2017年5月4日木曜日

佐渡島のイラスト 千畳敷ワカメ採り




今日のイラストは、トヨジイの佐渡紀行スケッチブックより、千畳敷のワカメ採りのワンシーンです。

イラストの日付が「83」となっているので、昭和58年の旅行記ですね。

佐渡の千畳敷は佐渡の外海府にあります。
 相川町市街地の北端、下相川の海岸にある岩礁で、畳千畳ほどの広さを持つ、平らな形の岩場が続くことから、千畳敷と呼ばれています。

千畳敷を見るための橋が2本、観月橋(第一・第二)がかかっています。
橋の上から見る、月が美しいのでしょうね。

とき選書出版の書籍「佐渡を歩いて イギリス人のひとり旅」アンガス・ウェイコット著に、ワカメ採りがどんなものか、様子が見えてくる文章を見つけたので、引用させていただきたいと思います。

ただし、文章で描かれている場所は、千畳敷ではなく、もうすこし北の平根崎のようです。

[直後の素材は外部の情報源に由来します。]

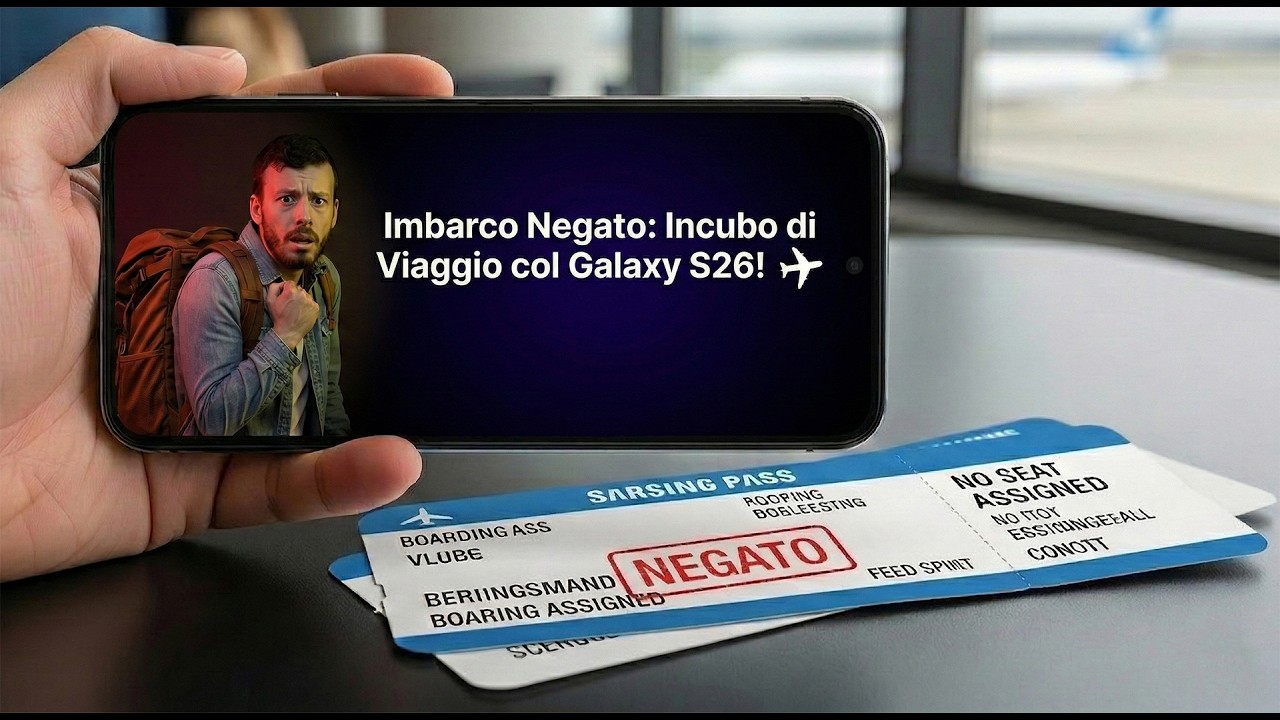 Mi lasciano A TERRA! 😱 Il Mistero del volo in Overbooking - A Milano per l'Anteprima dei Galaxy S26
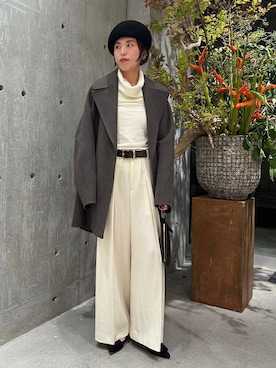 「アイテム（その他アウター、ブラウン系）」を使った、chaos_asaさん（レディース・162cm）の秋コーディネート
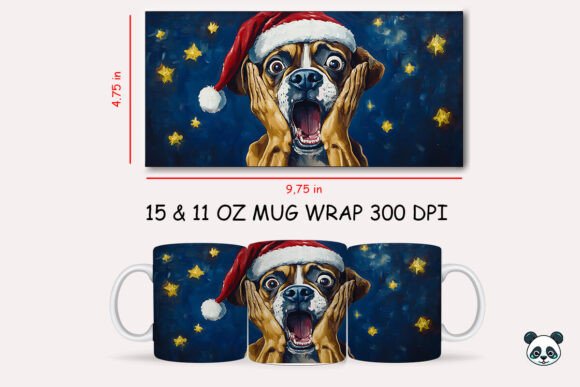 Unleashing Holiday Humor: A Guide to the Funny Christmas Boxer Scream Mug Wrap and 3D Sublimation Design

誰かが歌う声が聞こえたので、私は道路から脇にそれて大きな岩陰の狭い砂れきの浜に下りてみた。

黒っぽいズボンに紺のシャツ、袖なしのウールの上着を着た小柄なおばあさんが、ゆっくりとした動作で、磯で海藻を集めていた。

左手には、キラキラ陽に輝く長い褐色のリボンのようなものをひと束抱えており、右手には短い鎌を固定した長い竹竿を持っている。

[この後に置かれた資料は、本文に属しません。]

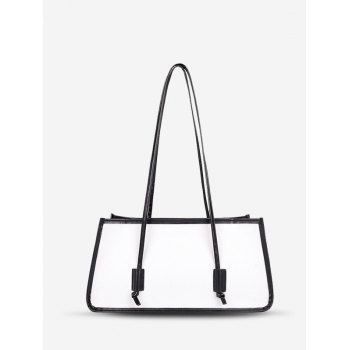 

Thin Strap Binding Shoulder Bag, Milk white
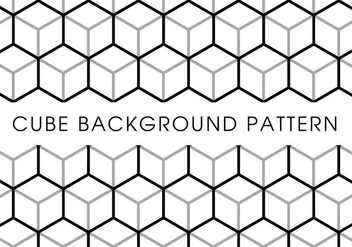 Cube Background Pattern - vector gratuit #381475 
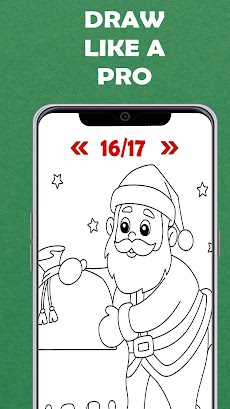 How To Draw Santaのおすすめ画像4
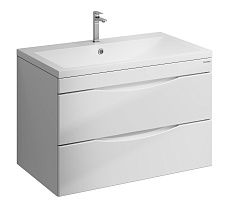 Тумба с раковиной Grossman Виста 80 см белый глянец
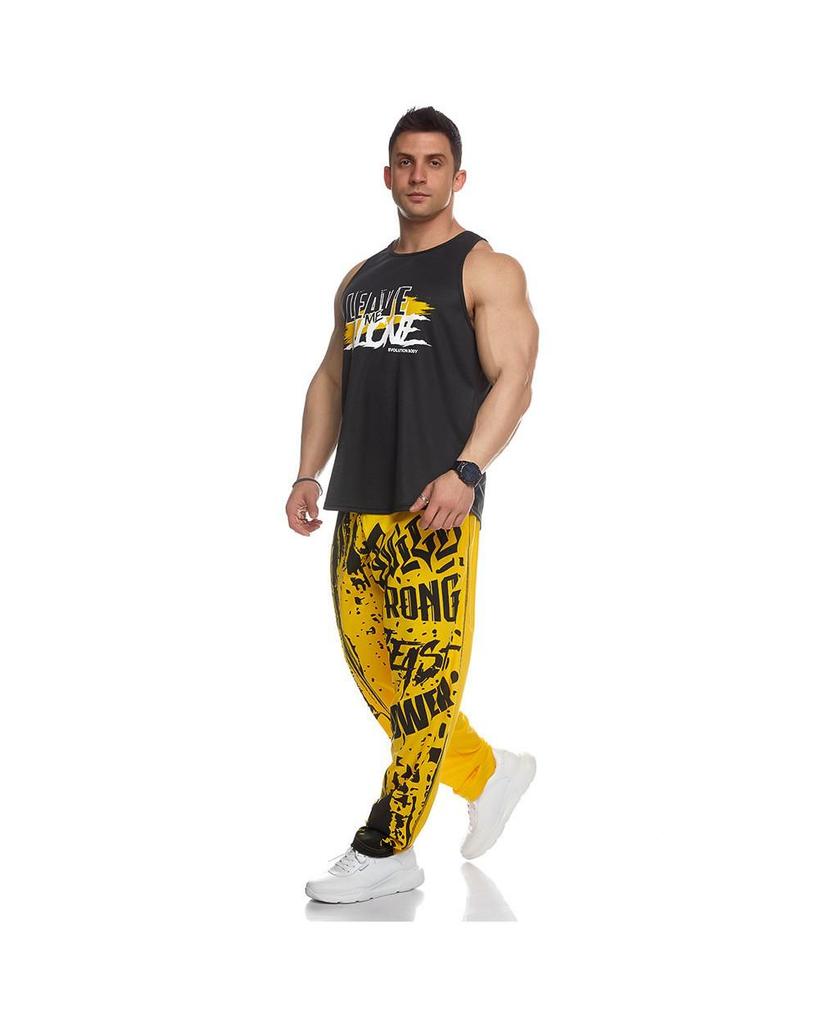Muscle Fitness Men's Quick-Dry Printed Training Pants – Autumn/Winter Collection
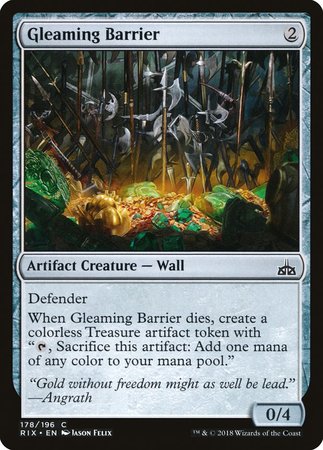 Gleaming Barrier [Rivals of Ixalan] | Exor Games Bridgewater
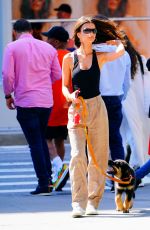 EMILY RATAJKOWSKI Out with Her Dog in New York 06/04/2019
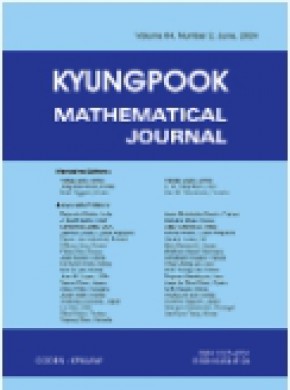 Kyungpook Mathematical Journal雜志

彼女はあちらこちらと海水にバシャバシャ分け入り、竿を伸ばしては海底の藻を刈り取り、すでに取り集めた束に加える。

仕事をしながら彼女は、奇妙な節のない唄、それも同じ節まわしを繰り返し口ずさむ。
 佐渡に伝わる古い仕事唄の一つだ。

 本に描かれた、おばあさんは長岡の生まれで、少女の頃に家族と別れて佐渡に来たそうです。

家を出るとき、家族がみな戸口に並んで見送ってくれたときのことが、今も目に浮かぶ、母と妹たちは、またいつ会えるかと泣いていたという。

著者とおばあさんの会話はしばらく続き、佐渡と長岡の積雪量の違いなどを語り合っています。

おばあさんの写真も本に乗っているので、よかったら読んでみてください。
イギリス人である著者の優しい情感たっぷりの視点で佐渡を巡る旅が描かれています。